The procedural steps intertwin with each other creating a net of information flows inside the consortium, useful for decision and policy making, and a knowledge hub for potential stakeholders who in the future may wish to deploy the system. The article will not present the actual analysis steps that are expected to take place during an impact assessment. As a context dependent process, this can only be defined in case-by-case settings. Moreover, there is a lot of guidance concerning the substance of an impact assessment. The Article 29 Working Party has published guidelines on Data Protection Impact Assessment to enable the common interpretation of Article 35 GDPR. Νational Supervisory Authorities of EU Member States have also published guidelines and templates to assist the data controllers, data processors as well as researchers and manufacturers to document and assess the on-going, planned or envisaged data processing operations. For instance, the French authority (CNIL) has a repository with guidance on its website and even a dedicated software. The Brussels Laboratory for Data Protection & Privacy Impact Assessments at the Vrije Universiteit Brussel has additionally published a series of briefs on the data protection impact assessment process in different languages, providing interactive templates. In principle, a specific methodology is not suggested in GDPR. This allows organisations to use any framework or methodology, as long as it “describes the nature, scope, context and purposes of the processing; assesses the necessity, proportionality and compliance measures; identifies and assesses risks to individuals; and identifies any additional measures to mitigate those risks.”
Instead, this article explores the meta-elements of an impact assessment, what we call the procedural aspects, before, during and after. In other words, how the procedure of the impact assessment is organised and takes place inside the Cyber-Trust project. This article concentrates all the experience gained and lessons learnt so far. The structural scheme used in the Cyber-Trust project can serve as a basis for other research project consortia which develop innovative solutions in the field, or as a starting point for discussion as to how to improve and eventually standardise such procedure.

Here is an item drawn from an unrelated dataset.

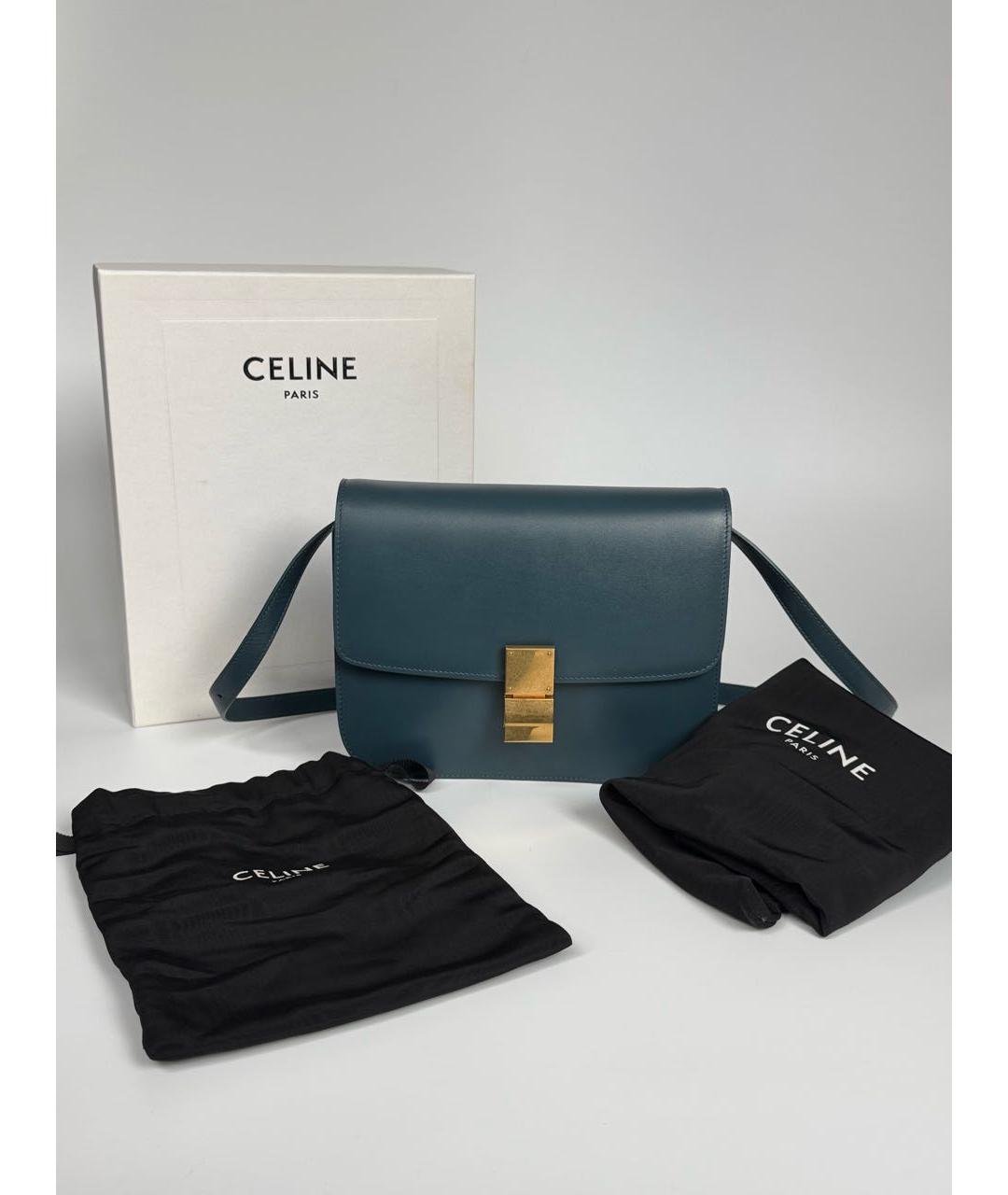 CELINE Синяя кожаная сумка через плечо, фото 5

Step 1: Establishing the legal and regulatory framework at the start of the project
The Cyber-Trust consortium is rather inter-disciplinary. Its partners come from academia, business, public administration and carry with them different backgrounds and experiences in: tech, cybersecurity, policy, law, ethics, industry, trade, telecommunications, law enforcement. Therefore, the first step is to bring all these partners to reflect upon the context in which a) the Cyber-Trust research will take place and b) the future Cyber-Trust system will be deployed. In the first few months of the project (first semester) and during the system conceptualisation, the partners explored thoroughly the impact of the legal and regulatory framework based on the initial project concept. They did so by studying the EU regulation framework and the national laws applicable in the countries where the partners are based and are of utmost importance in case of future release of the system. In the Cyber-Trust context, i.e., in the cybersecurity context, what was particularly reviewed were the data protection and privacy laws, laws governing telecommunications, laws in relation to evidence with particular focus on electronic evidence, regulation in relation to cybercrime, and ad-hoc regulation or policy guidelines with respect to specific technologies deployed during the projects (DLT systems, machine learning, etc.). This study led to two written reports establishing basic concepts and building up to really complex and niche discussions. In this stage, other legal and ethics requirements were also settled by the consortium, for instance the involvement or appointment of data protection officers per participating entity, as well as the preparation of templates, such as informed consent forms and information sheets for the participation in research and the processing of personal data, whenever necessary. Those requirements would differ from project to project.
Step 2: First wide consultation among partners to define together the way forward
In the beginning of the second semester, and after the partners had thoroughly studied the legal and regulatory framework, the first consultation among all technical partners took place. The key partners were identified with the help of the Project Coordinator and the Technical Manager. Those partners were invited to complete a brief questionnaire about the concept of the component they were developing. The main aim was to have a first impression of the desired design and gather concerns or questions thereof, that have emerged based on the study of the legal and regulatory framework. The result of this consultation was the drafting of a first set of general and more concrete recommendations to assist key partners further with their concepts and designs. During this period, a number of ad-hoc bilateral meetings took place. This process coincided with the discussions about the initial architecture and the partners explicitly assessed and confirmed the need for an impact assessment. At this stage, the partners also proposed the impact assessment methodology and established its reporting procedure.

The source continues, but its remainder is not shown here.